1 files changed, 113 insertions, 29 deletions
diff --git a/drivers/gpu/drm/amd/amdgpu/amdgpu_sync.c b/drivers/gpu/drm/amd/amdgpu/amdgpu_sync.c
index 090e66a1b284..d6ae9974c952 100644
--- a/drivers/gpu/drm/amd/amdgpu/amdgpu_sync.c
+++ b/drivers/gpu/drm/amd/amdgpu/amdgpu_sync.c
@@ -135,11 +135,16 @@ static bool amdgpu_sync_add_later(struct amdgpu_sync *sync, struct dma_fence *f)

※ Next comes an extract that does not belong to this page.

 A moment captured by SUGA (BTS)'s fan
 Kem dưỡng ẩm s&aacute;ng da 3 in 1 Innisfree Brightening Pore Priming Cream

 	struct amdgpu_sync_entry *e;
 
 	hash_for_each_possible(sync->fences, e, node, f->context) {
-		if (unlikely(e->fence->context != f->context))
-			continue;
+		if (dma_fence_is_signaled(e->fence)) {
+			dma_fence_put(e->fence);
+			e->fence = dma_fence_get(f);
+			return true;
+		}
 
-		amdgpu_sync_keep_later(&e->fence, f);
-		return true;
+		if (likely(e->fence->context == f->context)) {
+			amdgpu_sync_keep_later(&e->fence, f);
+			return true;
+		}
 	}
 	return false;
 }
@@ -149,10 +154,12 @@ static bool amdgpu_sync_add_later(struct amdgpu_sync *sync, struct dma_fence *f)
  *
  * @sync: sync object to add fence to
  * @f: fence to sync to
+ * @flags: memory allocation flags to use when allocating sync entry
  *
  * Add the fence to the sync object.
  */
-int amdgpu_sync_fence(struct amdgpu_sync *sync, struct dma_fence *f)
+int amdgpu_sync_fence(struct amdgpu_sync *sync, struct dma_fence *f,
+		      gfp_t flags)
 {
 	struct amdgpu_sync_entry *e;
 
@@ -162,7 +169,7 @@ int amdgpu_sync_fence(struct amdgpu_sync *sync, struct dma_fence *f)
 	if (amdgpu_sync_add_later(sync, f))
 		return 0;
 
-	e = kmem_cache_alloc(amdgpu_sync_slab, GFP_KERNEL);
+	e = kmem_cache_alloc(amdgpu_sync_slab, flags);
 	if (!e)
 		return -ENOMEM;
 
@@ -191,7 +198,8 @@ static bool amdgpu_sync_test_fence(struct amdgpu_device *adev,
 
 	/* Never sync to VM updates either. */
 	if (fence_owner == AMDGPU_FENCE_OWNER_VM &&
-	    owner != AMDGPU_FENCE_OWNER_UNDEFINED)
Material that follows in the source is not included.